_Dataset content_
=== Begin Enclosure ===
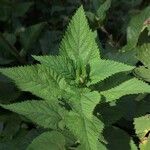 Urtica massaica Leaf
=== End Enclosure ===
=== Begin Enclosure ===
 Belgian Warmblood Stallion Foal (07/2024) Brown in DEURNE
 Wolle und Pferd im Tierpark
=== End Enclosure ===
_Task requirements_
Using the entries above, repeat only the lines from the one containing "Belgian Warmblood Stallion" through the one containing "Wolle und Pferd im Tierpark", end lines included.

_Your response_
 Belgian Warmblood Stallion Foal (07/2024) Brown in DEURNE
 Wolle und Pferd im Tierpark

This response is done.